When news of the Sobibor rebellion comes to the attention of American schoolchildren years later, they write to one of the few remaining survivors, Esther, now a grandmother living in New Jersey. In the play, the character of Esther (Laura Gray) is split between the young girl who witnesses the horrific circumstances around her in the 1940s and the elderly woman who must find the courage to speak before a group of schoolchildren (Flora Coker). Two other actors convincingly portray young children, who pepper Esther with questions in their letters (Chris Klopatek, Betsy Skowbo). Two older actors do a superb job in filling multiple roles (Bo Johnson, Maureen Kilmurry). However, this production is clearly Flora Coker's show. She mesmerizes the audience with her painful memories, which are basically wrenched from her by the younger, pluckier version of herself. As Esther retells the stories of her life, she seems to enter a trancelike state. Only the younger Esther can bring her back with her insistent jibes.

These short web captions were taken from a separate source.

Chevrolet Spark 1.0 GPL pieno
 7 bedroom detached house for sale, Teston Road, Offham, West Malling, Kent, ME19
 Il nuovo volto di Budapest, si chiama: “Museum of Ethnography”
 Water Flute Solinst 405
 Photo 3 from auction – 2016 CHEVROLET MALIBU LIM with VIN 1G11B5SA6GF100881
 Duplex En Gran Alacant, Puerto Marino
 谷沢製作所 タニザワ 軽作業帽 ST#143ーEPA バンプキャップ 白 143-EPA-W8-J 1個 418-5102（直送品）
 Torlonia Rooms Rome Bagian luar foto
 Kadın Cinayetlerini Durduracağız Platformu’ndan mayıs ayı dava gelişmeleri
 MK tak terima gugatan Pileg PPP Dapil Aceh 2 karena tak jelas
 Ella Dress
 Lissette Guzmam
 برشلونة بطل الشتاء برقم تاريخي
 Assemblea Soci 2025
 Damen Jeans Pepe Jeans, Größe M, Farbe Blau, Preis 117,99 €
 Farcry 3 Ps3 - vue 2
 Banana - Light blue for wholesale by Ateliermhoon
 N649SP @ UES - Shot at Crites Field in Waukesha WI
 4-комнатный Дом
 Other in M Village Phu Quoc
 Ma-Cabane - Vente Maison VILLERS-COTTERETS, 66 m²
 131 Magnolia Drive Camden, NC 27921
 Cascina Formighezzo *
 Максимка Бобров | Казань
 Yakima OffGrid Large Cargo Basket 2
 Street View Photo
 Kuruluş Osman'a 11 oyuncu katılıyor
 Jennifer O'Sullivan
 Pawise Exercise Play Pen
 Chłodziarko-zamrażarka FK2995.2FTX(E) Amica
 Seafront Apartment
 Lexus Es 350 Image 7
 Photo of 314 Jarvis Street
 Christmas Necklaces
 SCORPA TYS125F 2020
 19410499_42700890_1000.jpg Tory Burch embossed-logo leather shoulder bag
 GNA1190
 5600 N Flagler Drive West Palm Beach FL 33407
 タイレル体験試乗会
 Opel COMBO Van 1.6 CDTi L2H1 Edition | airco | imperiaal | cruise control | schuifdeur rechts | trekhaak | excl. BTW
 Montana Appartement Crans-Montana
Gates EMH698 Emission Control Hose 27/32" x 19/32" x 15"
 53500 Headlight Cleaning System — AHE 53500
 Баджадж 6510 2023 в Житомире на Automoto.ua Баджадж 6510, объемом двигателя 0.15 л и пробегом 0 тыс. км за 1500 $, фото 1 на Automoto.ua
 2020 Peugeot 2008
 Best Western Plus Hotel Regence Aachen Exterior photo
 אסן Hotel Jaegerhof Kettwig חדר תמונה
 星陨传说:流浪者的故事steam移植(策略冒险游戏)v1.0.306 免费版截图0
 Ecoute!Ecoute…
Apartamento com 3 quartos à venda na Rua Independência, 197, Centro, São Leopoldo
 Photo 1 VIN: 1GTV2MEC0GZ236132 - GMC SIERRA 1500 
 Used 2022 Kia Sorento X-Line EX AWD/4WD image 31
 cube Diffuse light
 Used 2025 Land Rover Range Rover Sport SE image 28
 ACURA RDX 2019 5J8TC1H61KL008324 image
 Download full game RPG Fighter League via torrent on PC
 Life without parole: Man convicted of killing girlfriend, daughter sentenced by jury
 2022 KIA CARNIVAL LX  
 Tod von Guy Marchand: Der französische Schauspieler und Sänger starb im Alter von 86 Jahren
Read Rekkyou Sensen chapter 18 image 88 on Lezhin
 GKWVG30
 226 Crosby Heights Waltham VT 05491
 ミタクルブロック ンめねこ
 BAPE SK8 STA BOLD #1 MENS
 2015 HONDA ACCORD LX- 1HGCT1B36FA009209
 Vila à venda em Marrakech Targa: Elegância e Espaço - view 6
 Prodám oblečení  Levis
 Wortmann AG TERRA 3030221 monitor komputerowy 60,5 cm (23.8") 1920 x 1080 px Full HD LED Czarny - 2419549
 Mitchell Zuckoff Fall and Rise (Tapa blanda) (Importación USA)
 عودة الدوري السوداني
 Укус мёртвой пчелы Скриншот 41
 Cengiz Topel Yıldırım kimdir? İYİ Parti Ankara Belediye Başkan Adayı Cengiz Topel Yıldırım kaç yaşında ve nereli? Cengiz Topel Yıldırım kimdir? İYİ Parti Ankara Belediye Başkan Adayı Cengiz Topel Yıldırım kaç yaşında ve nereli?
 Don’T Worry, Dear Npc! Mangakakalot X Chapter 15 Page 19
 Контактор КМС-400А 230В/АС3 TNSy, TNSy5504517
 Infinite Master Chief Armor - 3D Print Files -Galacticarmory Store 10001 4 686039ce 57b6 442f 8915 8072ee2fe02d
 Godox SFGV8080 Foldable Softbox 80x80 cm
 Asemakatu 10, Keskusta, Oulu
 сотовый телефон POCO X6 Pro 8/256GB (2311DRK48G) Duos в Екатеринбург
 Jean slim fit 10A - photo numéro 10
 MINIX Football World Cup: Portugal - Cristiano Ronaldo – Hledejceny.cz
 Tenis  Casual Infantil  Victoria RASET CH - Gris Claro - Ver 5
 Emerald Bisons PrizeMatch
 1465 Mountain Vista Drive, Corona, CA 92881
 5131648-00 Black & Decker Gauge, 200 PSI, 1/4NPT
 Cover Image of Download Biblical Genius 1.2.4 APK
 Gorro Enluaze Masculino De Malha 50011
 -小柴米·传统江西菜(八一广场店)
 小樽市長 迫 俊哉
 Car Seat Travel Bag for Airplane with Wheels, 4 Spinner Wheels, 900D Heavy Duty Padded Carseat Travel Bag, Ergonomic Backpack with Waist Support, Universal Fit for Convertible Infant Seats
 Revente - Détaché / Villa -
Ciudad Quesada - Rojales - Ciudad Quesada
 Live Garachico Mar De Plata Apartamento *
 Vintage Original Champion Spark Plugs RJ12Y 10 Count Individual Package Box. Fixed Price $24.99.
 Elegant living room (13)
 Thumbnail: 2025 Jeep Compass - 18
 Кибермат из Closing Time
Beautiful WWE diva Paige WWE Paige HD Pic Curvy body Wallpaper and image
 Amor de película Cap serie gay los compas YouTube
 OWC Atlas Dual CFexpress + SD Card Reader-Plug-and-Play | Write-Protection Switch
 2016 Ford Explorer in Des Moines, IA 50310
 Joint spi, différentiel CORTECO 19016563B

Coker, an accomplished actress, comes across as a plump, dough-faced woman in some scenes, while in others she is as rigid as stone. One moment she scowls at the memory of an amorous Nazi. In the next moment, her face softens perceptibly as she "listens" to the children's words in their letters, which begin, "Dear Esther." Some questions are practical: "Did you get the rose bush our class sent you?" Others are more curious and introspective. Did Esther have a boyfriend while in Sobibor? (No, she had no time to think of others when she was trying to save herself.) Should I be ashamed of my German heritage, one boy writes? (No, you are responsible only for your own actions.)

Esther's gradual understanding of her mother's death is one of the play's through lines. (Her grief-stricken mother marches into a Gestapo office and asks the Nazis to kill her. They oblige.) While Coker entrances, Laura Gray, as the young Esther, often does not. She comes off as brittle, and seems to fade in and out of her character.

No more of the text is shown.